**What you are asked to do:**
In full and unchanged, set down the entries that follow, with no images.

*** Opening of Data provided ***

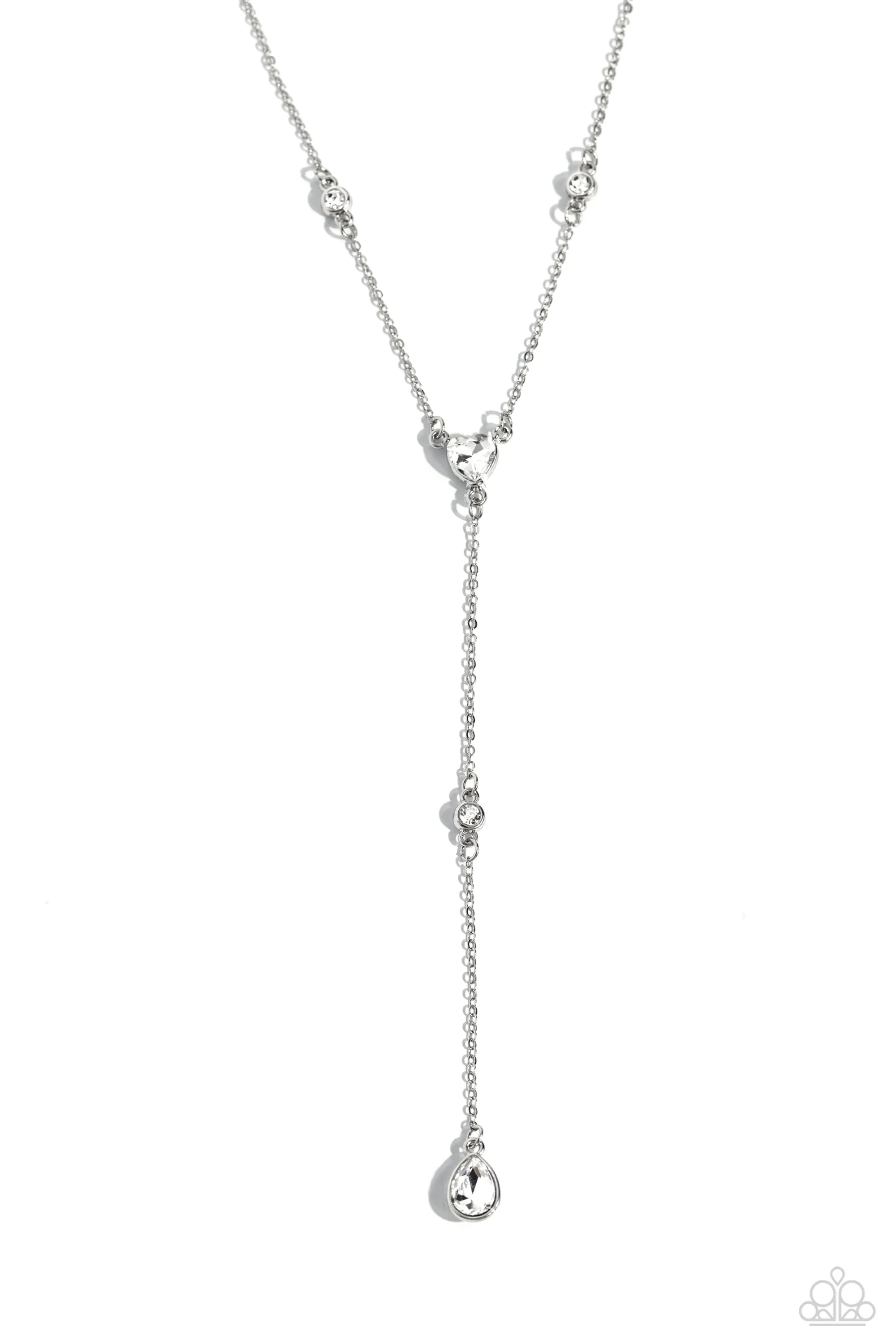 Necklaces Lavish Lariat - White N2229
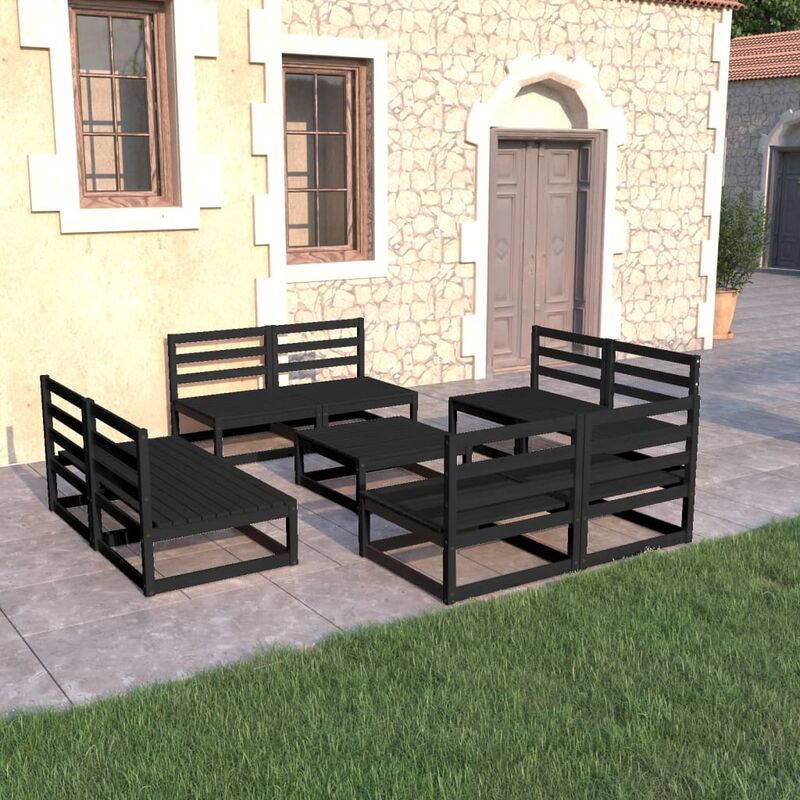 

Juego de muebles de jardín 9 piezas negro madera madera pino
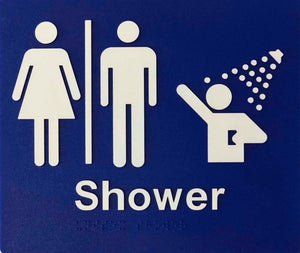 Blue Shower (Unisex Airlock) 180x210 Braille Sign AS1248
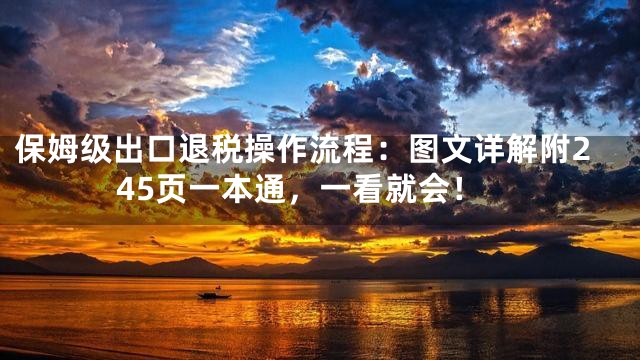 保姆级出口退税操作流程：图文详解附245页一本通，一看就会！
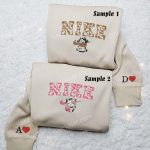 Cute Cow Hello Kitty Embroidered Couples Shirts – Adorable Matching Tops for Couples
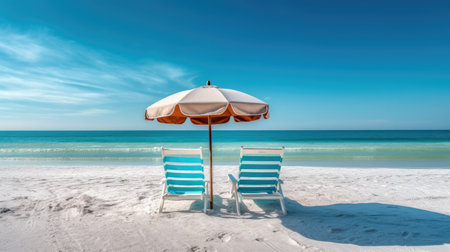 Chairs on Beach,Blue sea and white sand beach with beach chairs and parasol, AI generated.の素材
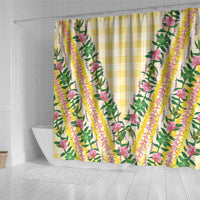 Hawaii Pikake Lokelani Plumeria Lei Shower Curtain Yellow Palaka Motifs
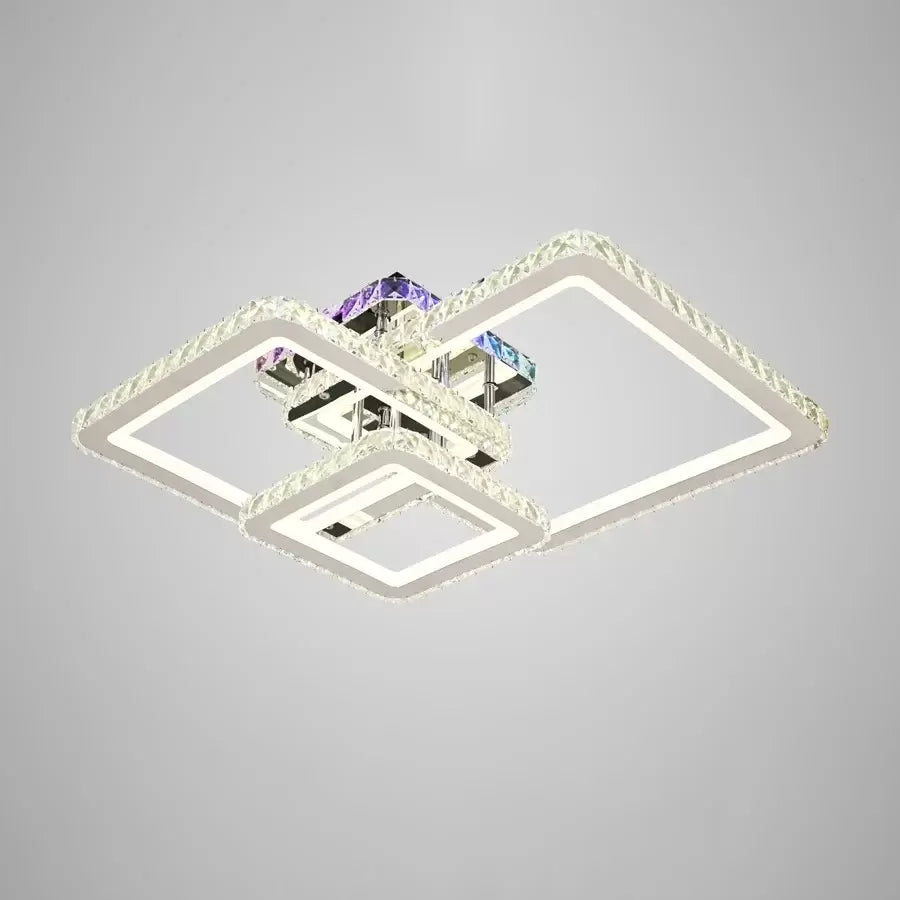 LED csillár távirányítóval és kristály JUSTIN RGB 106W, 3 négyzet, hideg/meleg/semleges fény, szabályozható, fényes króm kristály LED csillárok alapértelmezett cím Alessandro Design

*** Close of Data provided ***

**Response to the exercise:**
 Necklaces Lavish Lariat - White N2229

Juego de muebles de jardín 9 piezas negro madera madera pino
 Blue Shower (Unisex Airlock) 180x210 Braille Sign AS1248
 保姆级出口退税操作流程：图文详解附245页一本通，一看就会！
 Cute Cow Hello Kitty Embroidered Couples Shirts – Adorable Matching Tops for Couples
 Chairs on Beach,Blue sea and white sand beach with beach chairs and parasol, AI generated.の素材
 Hawaii Pikake Lokelani Plumeria Lei Shower Curtain Yellow Palaka Motifs
 LED csillár távirányítóval és kristály JUSTIN RGB 106W, 3 négyzet, hideg/meleg/semleges fény, szabályozható, fényes króm kristály LED csillárok alapértelmezett cím Alessandro Design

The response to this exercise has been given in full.